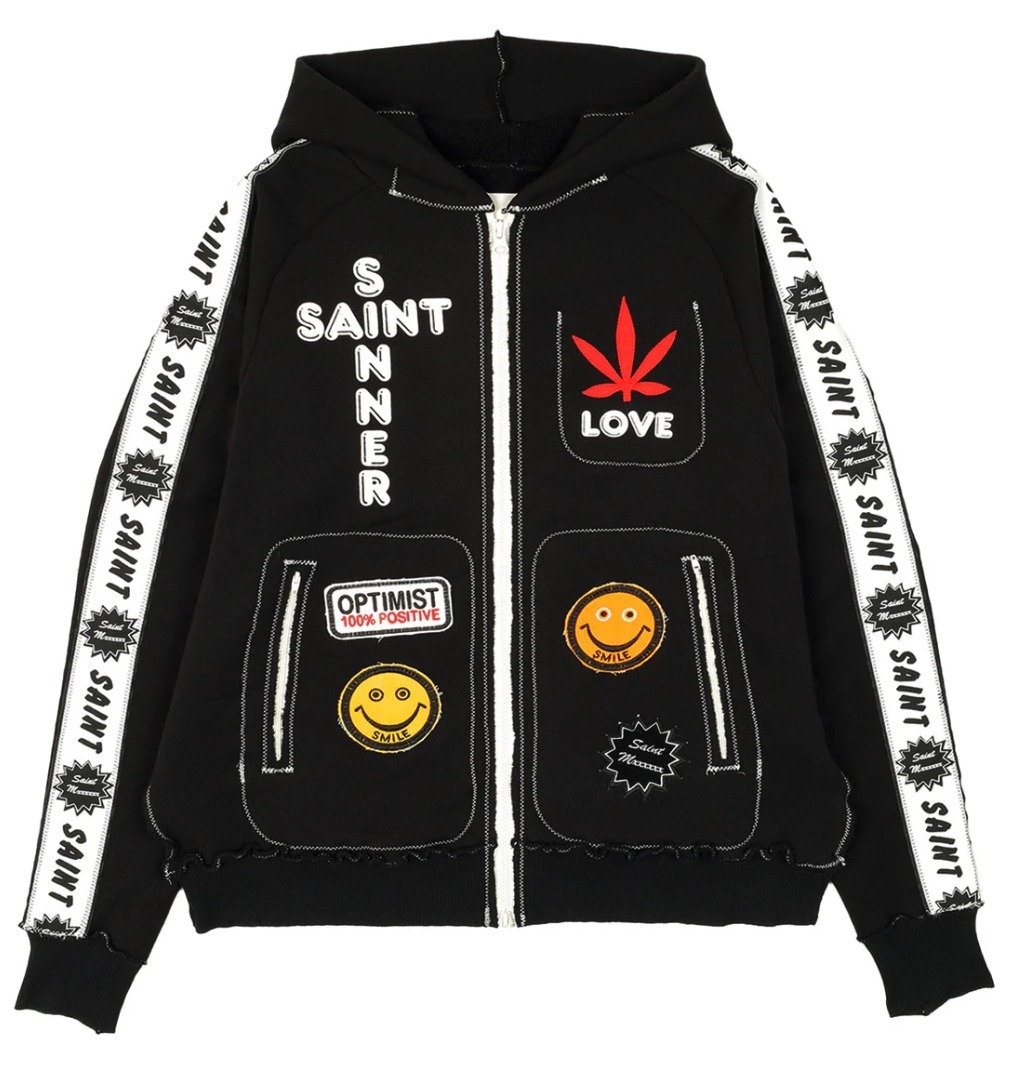 【SAINT Mxxxxxx】A LOVE MOVEMENT SMC44 ALM_KNIT JERJEY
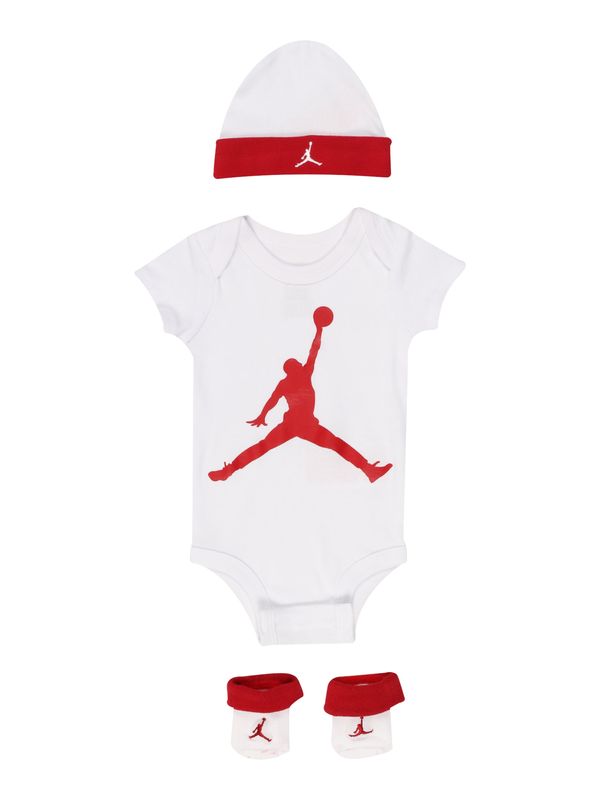 Jordan Jordan Komplet 'JUMPMAN'  rdeča / bela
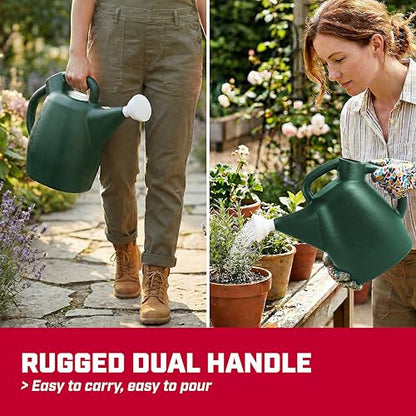 CHAPIN 48009 2-Gallon Watering Can, Easy-Pour Design for Garden Use - style: 2 Gallons, Green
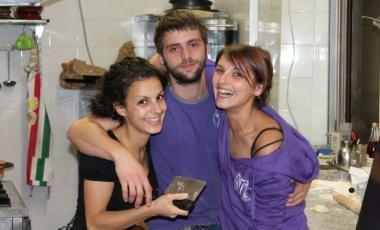 Marta e Lorenzo insieme alla collaboratrice Elisa 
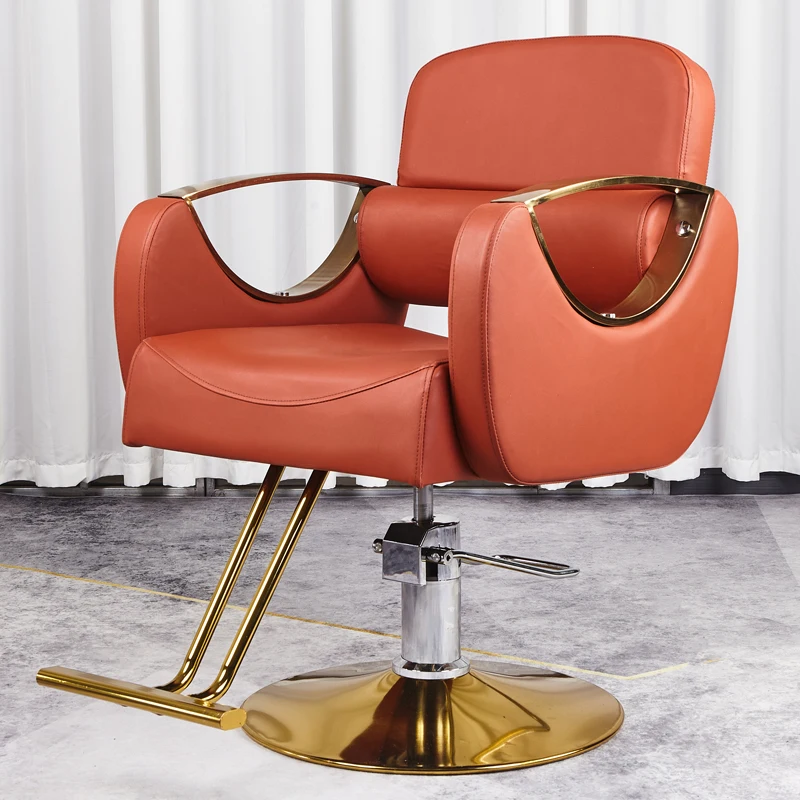 

Роскошные золотые парикмахерские кресла, вращающаяся подставка для педикюра, стул для эстетического стилиста, салон красоты, Парикмахерская студия, салонная мебель MQ50BC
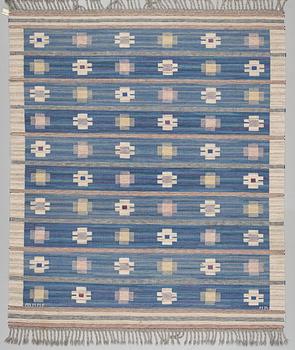 924. MATTA. "Blåklint". Rölakan. 254,5 x 221 cm. Signerad AB MMF MR (AB Märta Måås-Fjetterström, Marianne Richter).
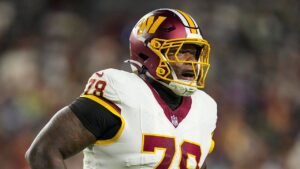 NFL news: Commanders’ Laremy Tunsil needs surgery on torn triceps, out indefinitely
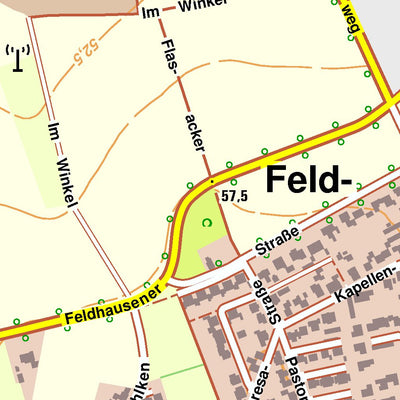 Bezirksregierung Köln Bottrop 8 (1:10,000) digital map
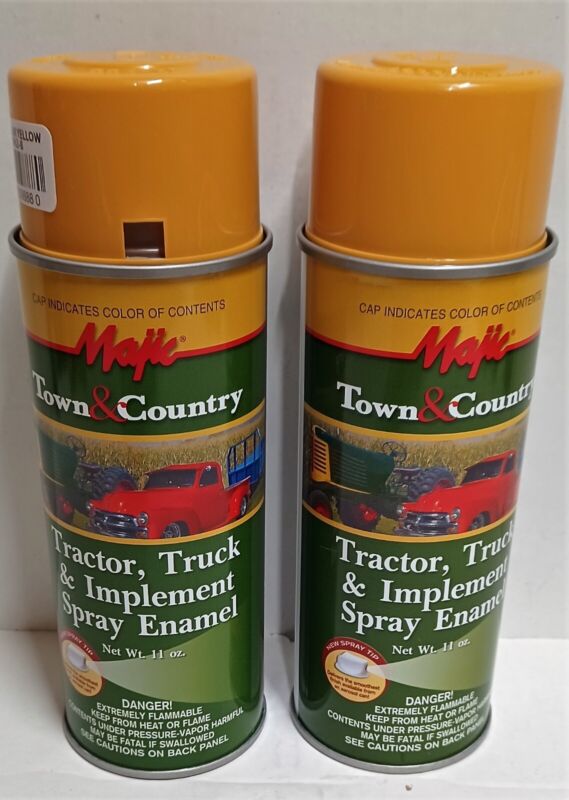 2 Cans Spray Paint for Caterpillar CAT Loader Dozer Excavator also King Kutter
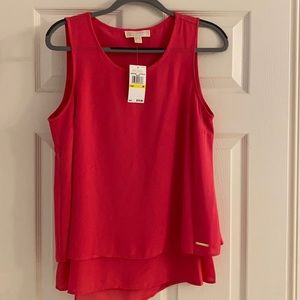 NWT MICHAEL Michael Kors Fuchsia sleeveless shirt.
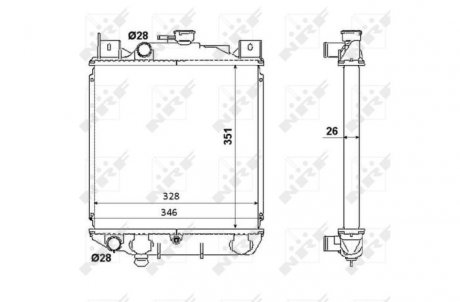 Радіатор NRF 53350
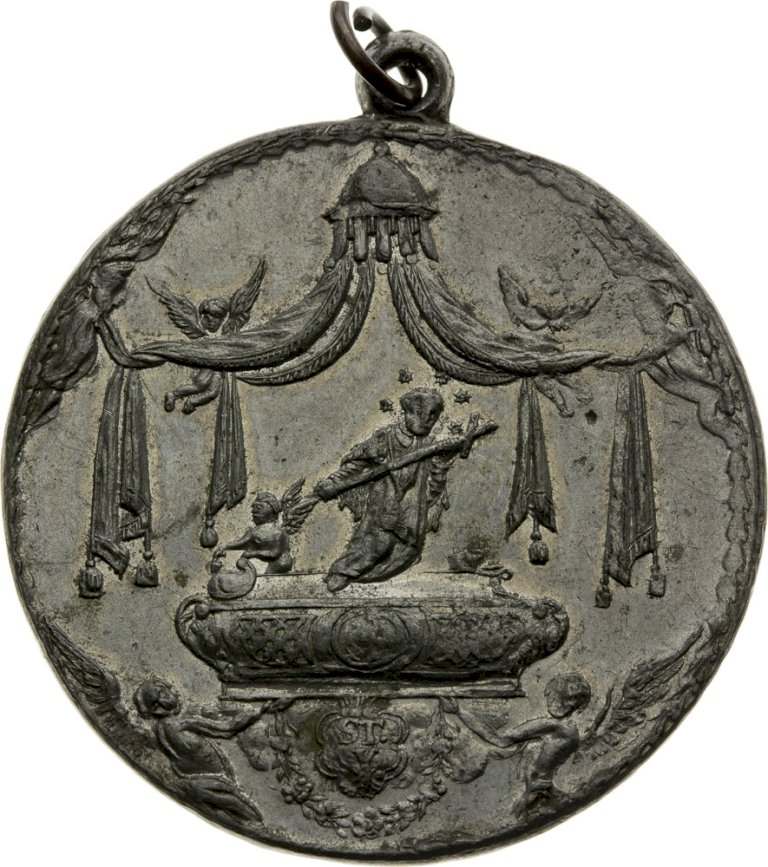 Medal 1829 (Tin) - Johann Nepomuk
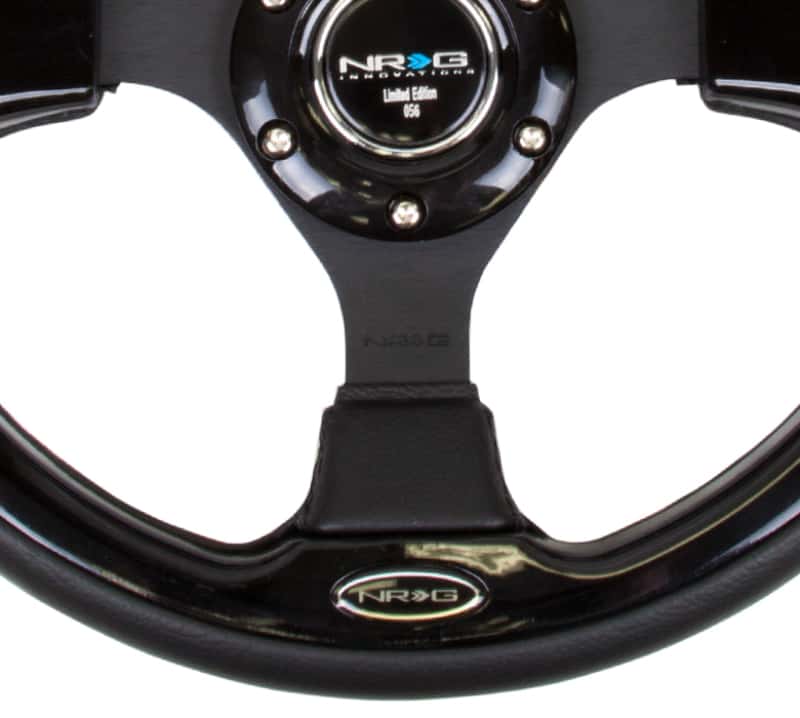 NRG — NRG Reinforced Steering Wheel (320mm) Blk w/Gloss Black Trim - view 8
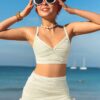 SHEIN Tween Girl Swimwear Set - Cute Holiday Two Pieces Cover-Up Swimwear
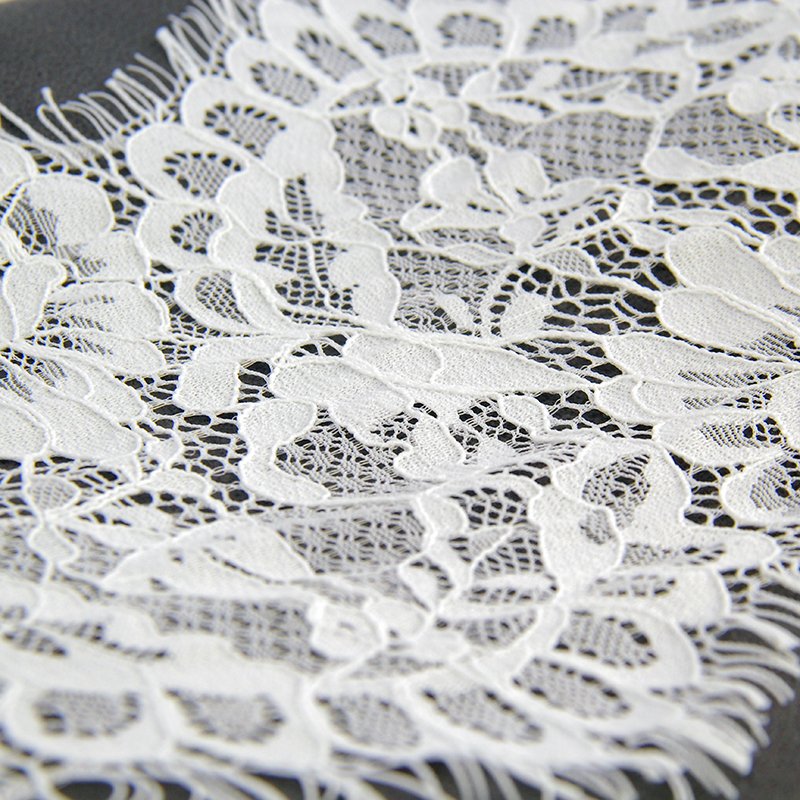 Stretch Lace Trim Fabric - Elastic Lace by the Yard, Flower Ribbon for Lingerie Sewing and Garment Crafting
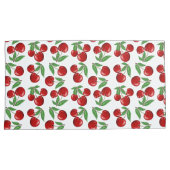 Rode kersen overal boven patroon kussensloop (Voorkant-Rechts)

*WORK TO COMPLETE*: Return all the records exactly. Skip the pictures.

*RESULT OF THE TASK*:
 【SAINT Mxxxxxx】A LOVE MOVEMENT SMC44 ALM_KNIT JERJEY
 Jordan Jordan Komplet 'JUMPMAN'  rdeča / bela
 CHAPIN 48009 2-Gallon Watering Can, Easy-Pour Design for Garden Use - style: 2 Gallons, Green
 Marta e Lorenzo insieme alla collaboratrice Elisa 

Роскошные золотые парикмахерские кресла, вращающаяся подставка для педикюра, стул для эстетического стилиста, салон красоты, Парикмахерская студия, салонная мебель MQ50BC
 924. MATTA. "Blåklint". Rölakan. 254,5 x 221 cm. Signerad AB MMF MR (AB Märta Måås-Fjetterström, Marianne Richter).
 NFL news: Commanders’ Laremy Tunsil needs surgery on torn triceps, out indefinitely
 Bezirksregierung Köln Bottrop 8 (1:10,000) digital map
 2 Cans Spray Paint for Caterpillar CAT Loader Dozer Excavator also King Kutter
 NWT MICHAEL Michael Kors Fuchsia sleeveless shirt.
 Радіатор NRF 53350
 Medal 1829 (Tin) - Johann Nepomuk
 NRG — NRG Reinforced Steering Wheel (320mm) Blk w/Gloss Black Trim - view 8
 SHEIN Tween Girl Swimwear Set - Cute Holiday Two Pieces Cover-Up Swimwear
 Stretch Lace Trim Fabric - Elastic Lace by the Yard, Flower Ribbon for Lingerie Sewing and Garment Crafting
 Rode kersen overal boven patroon kussensloop (Voorkant-Rechts)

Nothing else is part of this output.